THE BLACK TORMENT de Robert Hartford-Davis (UK-1964): Il reste du mou, je vous le mets ?

Publié le par Dr Devo








[Photo: "Le Dimanche à Saint-Malo, C'est Jour de Cinémage" par Mek-Ouyes et Dr Devo.]







Chère Lectrice,

 

Si tu n’es pas née dans une famille nantie, passe directement à un autre article, car aujourd’hui nous allons parler du douloureux problème des remariages grâce à ce THE BLACK TORMENT de Robert Hartford-Davis, délicieusement sous-titrée L’ESPRIT MAUVAIS ou L’ESPRIT DU MAL, ou je ne sais plus trop quel autre titre splendouillet par notre malicieux dividi, édité par la revue Mad Movies, tiens, qu’on se le dise car ils font des efforts, comme la publication récente de BAD BIOLOGY dont nous avions parlé récemment. Récent et Récemment dans la même phrase, voilà d’ailleurs une erreur que n’aurait pas commise la Baronne ou un garçon bien né. Mais, passons…

 

 

[Ce garçon bien né n’aurait pas non plus répété la deuxième acception de la répétition en mettant comme un petit gougnafier une majuscule à ce mot. Amenez-moi le scrapulet !]

 

 

Nous sommes en Angleterre et à la bonne époque, si vous vous me permettez l’expression, car les têtes de famille à sang bleu n’ont pas été encore coupées, même si je vois déjà parmi vous des esprits chargins qui me diront que, de toute façon, des têtes coupées, il n’y en a pas eu des masses en Angleterre, et on ferait mieux de balayer devant sa porte, et passe-moi le djembé. Laissons-les de côté, ces malotrus, et poursuivons.

John Turner est un noble, anglais donc, je sais, je l’ai déjà dit, qui revient dans ses terres et vers l’immense manoir familial, et on appelle ça un zeugma, après six mois passés à Londres.
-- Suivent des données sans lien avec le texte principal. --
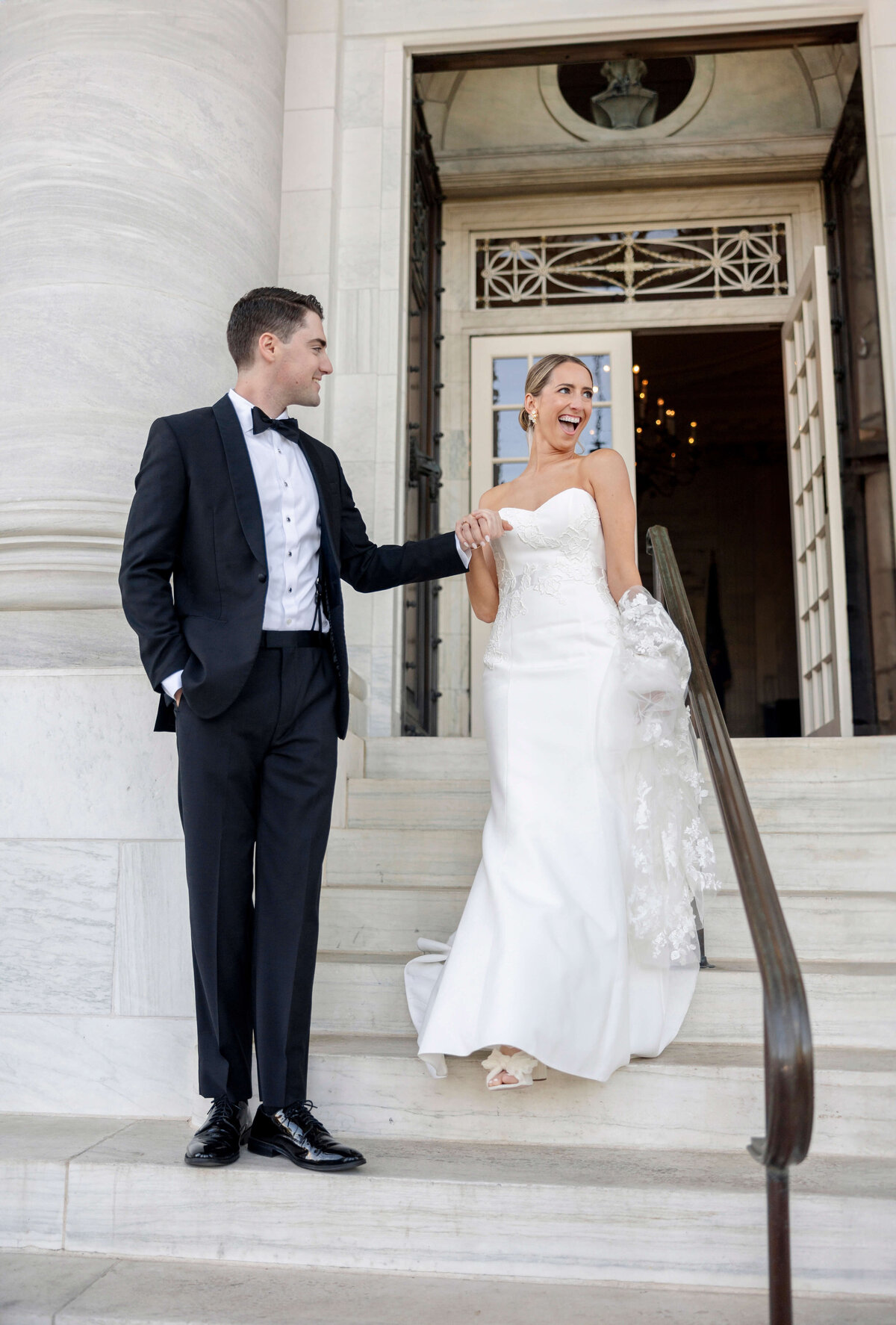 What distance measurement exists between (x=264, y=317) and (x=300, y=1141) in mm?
2062

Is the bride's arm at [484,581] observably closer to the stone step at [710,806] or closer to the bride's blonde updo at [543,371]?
the bride's blonde updo at [543,371]

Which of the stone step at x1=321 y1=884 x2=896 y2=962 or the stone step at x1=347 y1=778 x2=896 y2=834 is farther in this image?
the stone step at x1=347 y1=778 x2=896 y2=834

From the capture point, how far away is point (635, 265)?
8164 mm

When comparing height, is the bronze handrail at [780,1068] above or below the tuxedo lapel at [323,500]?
below

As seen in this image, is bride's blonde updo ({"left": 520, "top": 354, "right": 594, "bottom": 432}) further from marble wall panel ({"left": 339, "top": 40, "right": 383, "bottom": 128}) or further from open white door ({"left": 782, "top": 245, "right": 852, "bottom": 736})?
marble wall panel ({"left": 339, "top": 40, "right": 383, "bottom": 128})

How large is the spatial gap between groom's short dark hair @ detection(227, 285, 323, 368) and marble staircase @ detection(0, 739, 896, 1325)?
1.76 metres

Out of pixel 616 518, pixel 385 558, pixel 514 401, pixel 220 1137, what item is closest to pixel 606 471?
pixel 616 518

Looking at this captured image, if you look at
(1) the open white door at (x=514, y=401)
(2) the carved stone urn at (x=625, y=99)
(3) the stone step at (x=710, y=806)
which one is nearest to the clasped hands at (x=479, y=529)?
(3) the stone step at (x=710, y=806)

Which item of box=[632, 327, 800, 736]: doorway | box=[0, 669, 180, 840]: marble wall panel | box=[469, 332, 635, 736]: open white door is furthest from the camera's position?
box=[632, 327, 800, 736]: doorway

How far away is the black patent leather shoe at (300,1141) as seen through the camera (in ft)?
8.57

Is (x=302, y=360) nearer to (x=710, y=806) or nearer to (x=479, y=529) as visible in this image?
(x=479, y=529)

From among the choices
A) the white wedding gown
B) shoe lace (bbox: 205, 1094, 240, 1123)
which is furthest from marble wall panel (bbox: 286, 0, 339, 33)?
shoe lace (bbox: 205, 1094, 240, 1123)

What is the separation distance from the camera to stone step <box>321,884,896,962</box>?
3523 mm

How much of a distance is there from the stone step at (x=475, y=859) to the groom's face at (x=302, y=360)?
1715mm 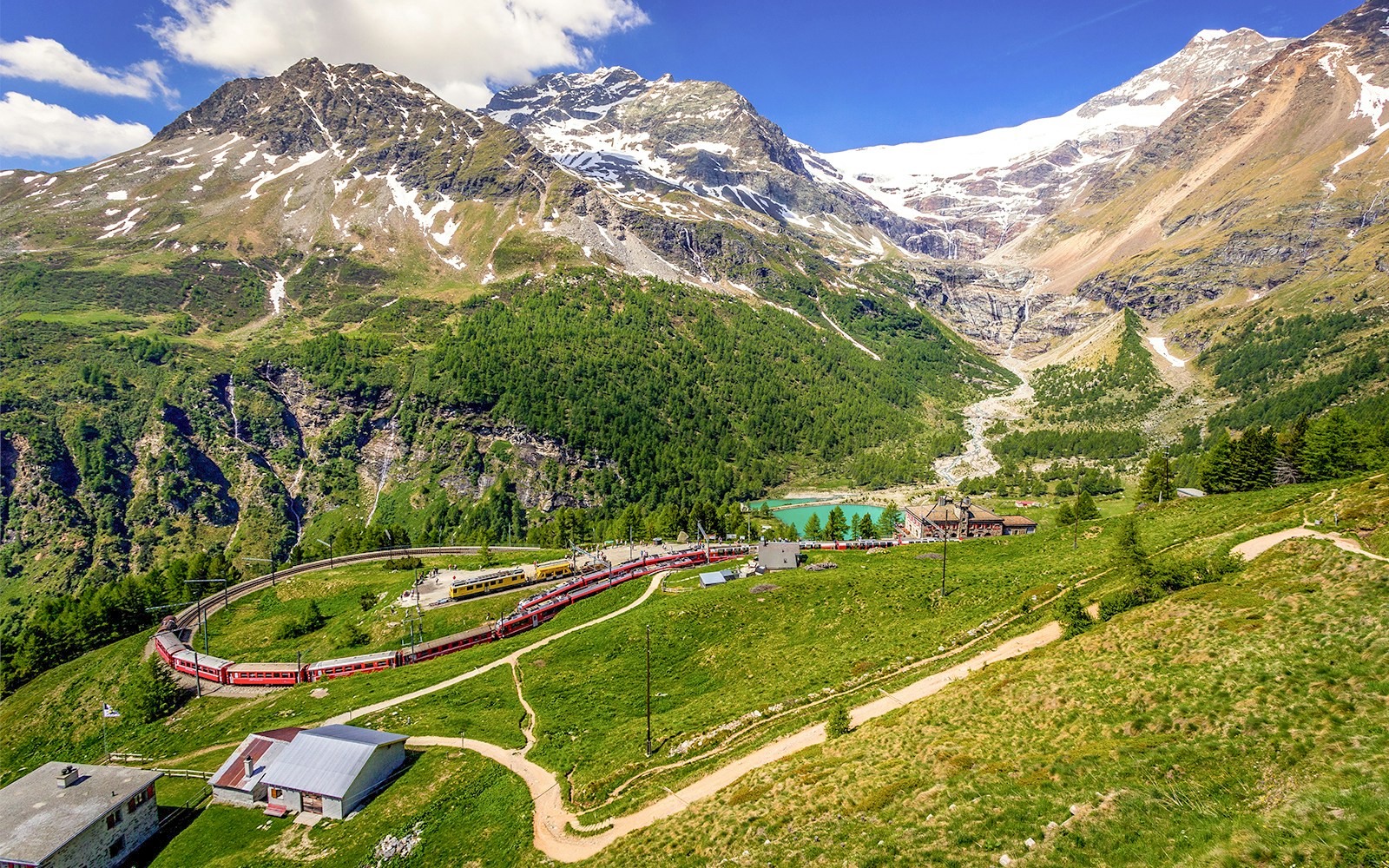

Turner ne revient pas seul, car il a épousé là-bas la délicieuse Heather Sears qui malgré son double patronyme n’a pas pour unique vocation dans la vie que de faire du shopping. (Toujours flatter le public anglo-saxon dans une critique de film… Très important.)

Malgré tout, le retour n’est pas si jovial que ça. Si Turner kiffe à donf de montrer sa nouvelle femme à sa famille et à ses domestiques, et autres manants dont il a la charge, l’accueil est assez froidasse. Le forgeron fait la gueule, les paysans crachent par terre, bref, tout le monde manque d’enthousiasme face à ce retour prévu joyeux. Au château, Cindy reprend deux fois du coca zéro dans le confessionnal et plus important encore, Turner a le fin mot de l’histoire, grâce à son ami et intendant, Bidule Truc dont j’ai copieusement oublié le nom. Ce dernier explique à son ami et maître qu’une jeune fille du village a été poursuivie il y a peu par un homme étrange qui l’a copieusement molestée, abusée puis tuée ! Enfin presque, car, quand les villageois l’ont retrouvée agonisante sur un lit de mousse, elle n’avait qu’un mot à la bouche : Turner ! De là à conclure que notre Baron est le coupable aux yeux de la populace, il n’y a qu’un pas et sacrément vite franchi en plus.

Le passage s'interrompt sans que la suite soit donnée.